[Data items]

━━━━━━━━━━━━━━━━━━━━━━━━━━━━━━

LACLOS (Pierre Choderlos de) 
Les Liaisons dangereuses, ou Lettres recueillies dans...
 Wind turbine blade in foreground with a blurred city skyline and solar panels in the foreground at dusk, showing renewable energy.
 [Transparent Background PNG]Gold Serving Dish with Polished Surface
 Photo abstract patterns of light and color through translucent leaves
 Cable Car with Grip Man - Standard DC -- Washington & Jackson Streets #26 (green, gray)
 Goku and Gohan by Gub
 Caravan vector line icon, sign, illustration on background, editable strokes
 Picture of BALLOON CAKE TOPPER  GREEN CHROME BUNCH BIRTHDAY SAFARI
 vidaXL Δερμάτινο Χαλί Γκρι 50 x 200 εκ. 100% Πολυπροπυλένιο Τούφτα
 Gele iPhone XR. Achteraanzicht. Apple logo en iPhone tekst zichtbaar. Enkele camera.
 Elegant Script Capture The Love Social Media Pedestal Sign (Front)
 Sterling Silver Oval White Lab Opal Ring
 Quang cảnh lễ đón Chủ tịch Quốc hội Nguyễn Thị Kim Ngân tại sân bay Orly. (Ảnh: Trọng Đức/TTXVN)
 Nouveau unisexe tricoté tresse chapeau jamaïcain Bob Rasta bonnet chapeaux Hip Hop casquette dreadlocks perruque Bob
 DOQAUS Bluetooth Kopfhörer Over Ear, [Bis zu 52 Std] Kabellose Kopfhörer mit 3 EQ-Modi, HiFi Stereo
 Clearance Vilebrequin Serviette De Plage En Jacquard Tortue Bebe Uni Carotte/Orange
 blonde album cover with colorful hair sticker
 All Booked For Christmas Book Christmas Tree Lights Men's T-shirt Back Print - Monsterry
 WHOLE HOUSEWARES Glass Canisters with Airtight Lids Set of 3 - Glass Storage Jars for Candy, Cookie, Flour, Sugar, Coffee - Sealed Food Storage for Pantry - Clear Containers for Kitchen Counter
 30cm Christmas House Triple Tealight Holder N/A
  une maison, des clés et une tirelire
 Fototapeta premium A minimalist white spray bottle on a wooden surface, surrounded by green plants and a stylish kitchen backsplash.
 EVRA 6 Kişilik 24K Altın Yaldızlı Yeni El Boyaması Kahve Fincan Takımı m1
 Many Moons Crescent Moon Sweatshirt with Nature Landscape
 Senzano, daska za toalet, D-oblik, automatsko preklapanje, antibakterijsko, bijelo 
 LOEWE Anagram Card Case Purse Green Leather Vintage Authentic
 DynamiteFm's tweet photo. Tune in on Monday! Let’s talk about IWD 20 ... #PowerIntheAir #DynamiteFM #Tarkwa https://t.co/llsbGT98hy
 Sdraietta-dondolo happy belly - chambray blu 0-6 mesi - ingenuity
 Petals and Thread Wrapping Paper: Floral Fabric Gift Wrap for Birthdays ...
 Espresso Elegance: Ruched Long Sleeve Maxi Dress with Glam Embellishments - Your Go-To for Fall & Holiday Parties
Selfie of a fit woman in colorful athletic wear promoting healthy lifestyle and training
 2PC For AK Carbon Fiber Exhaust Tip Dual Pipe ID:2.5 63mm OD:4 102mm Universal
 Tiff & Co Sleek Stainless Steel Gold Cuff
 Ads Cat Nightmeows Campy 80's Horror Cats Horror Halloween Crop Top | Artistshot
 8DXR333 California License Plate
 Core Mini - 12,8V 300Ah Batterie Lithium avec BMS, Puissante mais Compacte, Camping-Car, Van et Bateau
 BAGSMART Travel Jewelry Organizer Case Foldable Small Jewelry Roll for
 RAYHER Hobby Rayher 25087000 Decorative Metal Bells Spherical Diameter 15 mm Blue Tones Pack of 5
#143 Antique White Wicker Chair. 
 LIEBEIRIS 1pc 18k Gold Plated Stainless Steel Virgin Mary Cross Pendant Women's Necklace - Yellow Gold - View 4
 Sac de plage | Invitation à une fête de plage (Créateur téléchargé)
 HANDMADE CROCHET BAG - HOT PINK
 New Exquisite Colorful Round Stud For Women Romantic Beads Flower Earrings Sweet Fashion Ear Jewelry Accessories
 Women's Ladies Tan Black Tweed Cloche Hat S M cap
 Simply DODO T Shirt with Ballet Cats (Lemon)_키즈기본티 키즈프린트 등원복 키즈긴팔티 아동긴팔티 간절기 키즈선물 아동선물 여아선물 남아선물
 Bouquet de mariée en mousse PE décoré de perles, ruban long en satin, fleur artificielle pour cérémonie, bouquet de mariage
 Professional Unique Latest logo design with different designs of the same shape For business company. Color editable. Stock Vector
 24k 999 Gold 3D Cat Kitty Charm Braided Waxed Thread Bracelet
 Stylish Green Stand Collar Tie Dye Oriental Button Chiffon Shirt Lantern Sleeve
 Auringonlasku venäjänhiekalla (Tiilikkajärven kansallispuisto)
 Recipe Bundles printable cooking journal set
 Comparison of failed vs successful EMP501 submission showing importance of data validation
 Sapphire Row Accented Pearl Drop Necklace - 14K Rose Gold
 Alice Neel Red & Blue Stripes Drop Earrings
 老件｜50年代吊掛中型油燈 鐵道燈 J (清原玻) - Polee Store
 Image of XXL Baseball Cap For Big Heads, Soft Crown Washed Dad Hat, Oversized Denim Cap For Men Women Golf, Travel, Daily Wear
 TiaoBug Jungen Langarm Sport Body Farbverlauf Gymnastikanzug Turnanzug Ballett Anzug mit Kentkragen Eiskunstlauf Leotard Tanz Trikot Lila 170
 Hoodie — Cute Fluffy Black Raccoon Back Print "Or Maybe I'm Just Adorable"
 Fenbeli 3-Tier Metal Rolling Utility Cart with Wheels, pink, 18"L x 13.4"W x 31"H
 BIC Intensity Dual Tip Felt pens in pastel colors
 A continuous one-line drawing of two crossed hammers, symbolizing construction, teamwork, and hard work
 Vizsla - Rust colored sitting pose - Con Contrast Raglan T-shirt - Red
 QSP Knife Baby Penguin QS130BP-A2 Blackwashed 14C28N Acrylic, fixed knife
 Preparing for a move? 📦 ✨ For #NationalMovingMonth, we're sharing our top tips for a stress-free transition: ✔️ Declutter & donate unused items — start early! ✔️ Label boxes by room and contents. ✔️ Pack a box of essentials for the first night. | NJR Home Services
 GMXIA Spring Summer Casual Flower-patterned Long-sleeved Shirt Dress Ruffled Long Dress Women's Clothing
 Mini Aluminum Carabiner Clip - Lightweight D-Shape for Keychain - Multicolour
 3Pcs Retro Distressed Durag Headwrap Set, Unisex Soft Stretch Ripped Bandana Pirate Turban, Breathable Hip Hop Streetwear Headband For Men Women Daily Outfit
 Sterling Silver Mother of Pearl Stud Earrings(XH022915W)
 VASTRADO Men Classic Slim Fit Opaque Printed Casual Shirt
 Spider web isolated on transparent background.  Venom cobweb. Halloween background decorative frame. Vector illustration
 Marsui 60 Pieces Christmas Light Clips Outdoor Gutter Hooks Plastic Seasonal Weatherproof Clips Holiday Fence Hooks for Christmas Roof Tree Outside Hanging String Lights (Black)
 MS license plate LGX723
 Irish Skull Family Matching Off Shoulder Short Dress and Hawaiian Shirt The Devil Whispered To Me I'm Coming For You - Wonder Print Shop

━━━━━━━━━━━━━━━━━━━━━━━━━━━━━━

An exact copy of the lines above between the line holding "BAGSMART Travel Jewelry" and the line holding "Hoodie — Cute", inclusive, is the whole answer.

 BAGSMART Travel Jewelry Organizer Case Foldable Small Jewelry Roll for
 RAYHER Hobby Rayher 25087000 Decorative Metal Bells Spherical Diameter 15 mm Blue Tones Pack of 5
#143 Antique White Wicker Chair. 
 LIEBEIRIS 1pc 18k Gold Plated Stainless Steel Virgin Mary Cross Pendant Women's Necklace - Yellow Gold - View 4
 Sac de plage | Invitation à une fête de plage (Créateur téléchargé)
 HANDMADE CROCHET BAG - HOT PINK
 New Exquisite Colorful Round Stud For Women Romantic Beads Flower Earrings Sweet Fashion Ear Jewelry Accessories
 Women's Ladies Tan Black Tweed Cloche Hat S M cap
 Simply DODO T Shirt with Ballet Cats (Lemon)_키즈기본티 키즈프린트 등원복 키즈긴팔티 아동긴팔티 간절기 키즈선물 아동선물 여아선물 남아선물
 Bouquet de mariée en mousse PE décoré de perles, ruban long en satin, fleur artificielle pour cérémonie, bouquet de mariage
 Professional Unique Latest logo design with different designs of the same shape For business company. Color editable. Stock Vector
 24k 999 Gold 3D Cat Kitty Charm Braided Waxed Thread Bracelet
 Stylish Green Stand Collar Tie Dye Oriental Button Chiffon Shirt Lantern Sleeve
 Auringonlasku venäjänhiekalla (Tiilikkajärven kansallispuisto)
 Recipe Bundles printable cooking journal set
 Comparison of failed vs successful EMP501 submission showing importance of data validation
 Sapphire Row Accented Pearl Drop Necklace - 14K Rose Gold
 Alice Neel Red & Blue Stripes Drop Earrings
 老件｜50年代吊掛中型油燈 鐵道燈 J (清原玻) - Polee Store
 Image of XXL Baseball Cap For Big Heads, Soft Crown Washed Dad Hat, Oversized Denim Cap For Men Women Golf, Travel, Daily Wear
 TiaoBug Jungen Langarm Sport Body Farbverlauf Gymnastikanzug Turnanzug Ballett Anzug mit Kentkragen Eiskunstlauf Leotard Tanz Trikot Lila 170
 Hoodie — Cute Fluffy Black Raccoon Back Print "Or Maybe I'm Just Adorable"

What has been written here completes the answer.